Since then, UNICEF has learnt that a main challenge with operating and scaling drone technology is limited infrastructure and a lack of local capacity to build, use, and maintain drone technology, as well as to analyze data and produce relevant insights for improving the lives of the most disadvantaged communities.
There was no academic program or training facility responding to the growing demand for this combined expertise in the African continent.
The African Drone and Data Academy
UNICEF launched the first African Drone and Data Academy (ADDA) in collaboration with Virginia Tech and the Malawi University of Science and Technology (MUST) in January 2020.
The campus, initially located in Lilongwe, Malawi, provides technology education for postgraduate African students in the physics of drone flight, communications, mechatronics, autonomy, data analysis, GIS, and entrepreneurship. The campus relocated to MUST in the same year and culminated in local custodianship shifting the public university from 2023, whose mandate is to support the academic equipping of youth in Sciences, Technology and Innovation (STI).
The ADDA equips young people in Africa with necessary 21st-century skills, while strengthening the drone ecosystem to deliver effective humanitarian and development response. Successes in this regard include ADDA’s support for responses to Tropical Cyclones Anna and Freddy in Malawi in 2022 and 2023, respectively.

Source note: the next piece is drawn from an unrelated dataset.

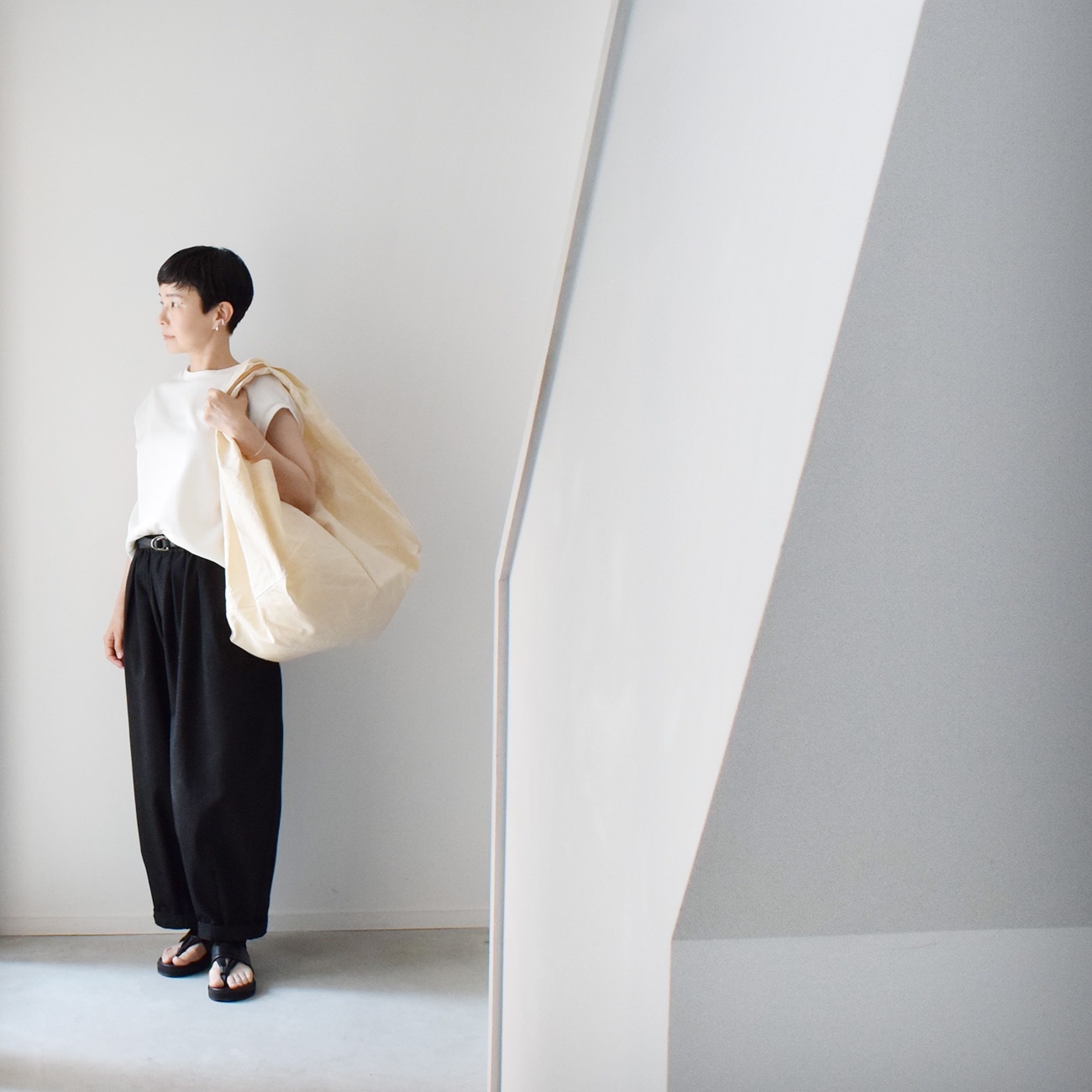 パラフィン加工 コットンショルダーバッグ【ポケット付】：生成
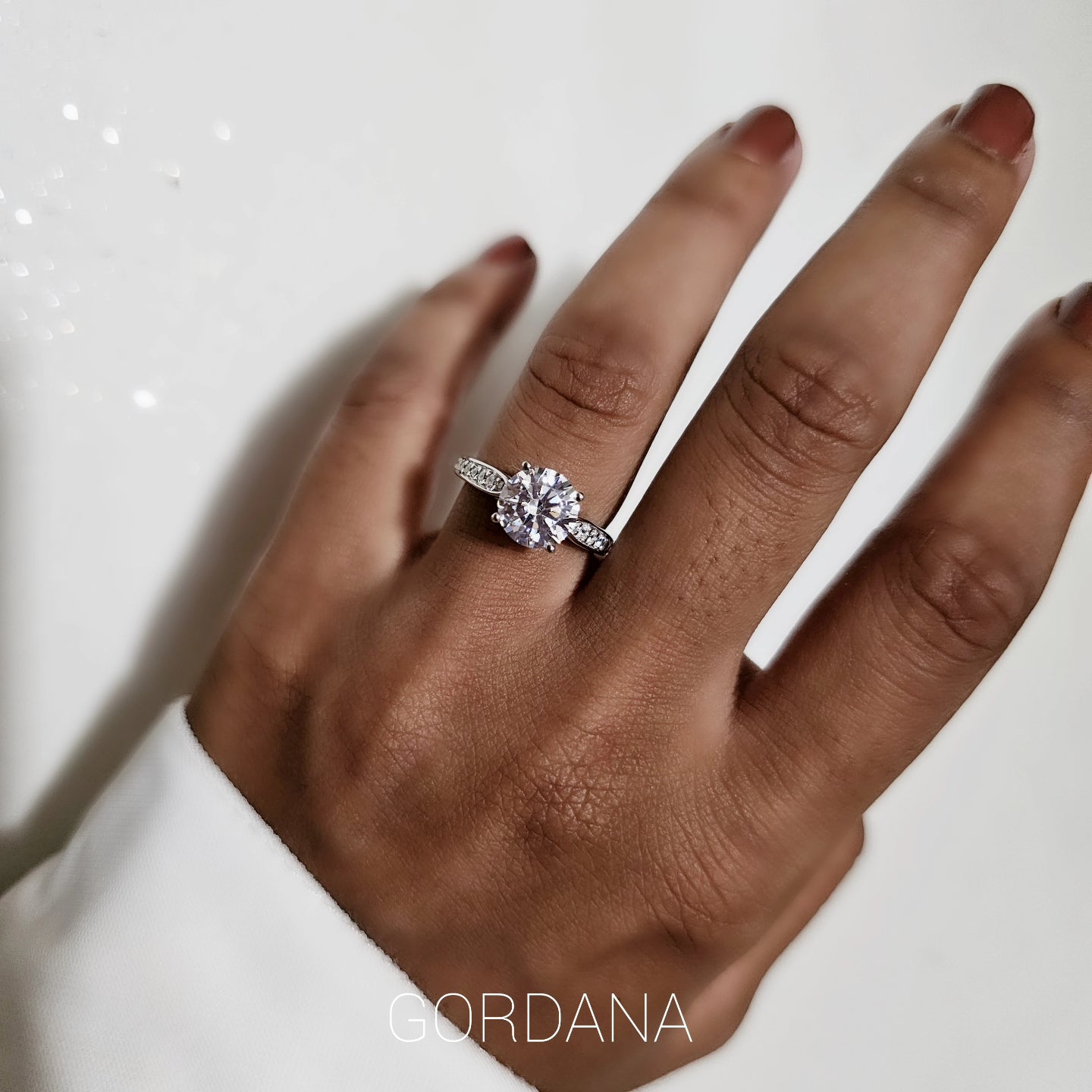 Elegant silver jewelry ring with clear gemstone, stainless steel, unisex fashion jewelry, Mauritius Europe USA style.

With Africa’s startup ecosystem growing rapidly, the addition of thousands of new technology jobs in the global economy presents a unique opportunity for African youth to be architects of a digital future, including the advancement of autonomous technology.
UNICEF and ADDA respond to pressing developments that affect communities in Africa which has led to – as an example – a strong focus on utilizing drones and data to strengthen preparedness and responses to climate change related eventualities such as flood impact-based forecasting and supporting climate smart agriculture, carbon management, and renewable energy systems, amongst others.
A dedicated Emergency (Drone) Response Unit and Incubation Centre at ADDA in Malawi are crucial pieces of the puzzle ensuring engagement and coordination of relevant stakeholders across affected sub-sectors such as access to health services, food insecurity, and WASH challenges.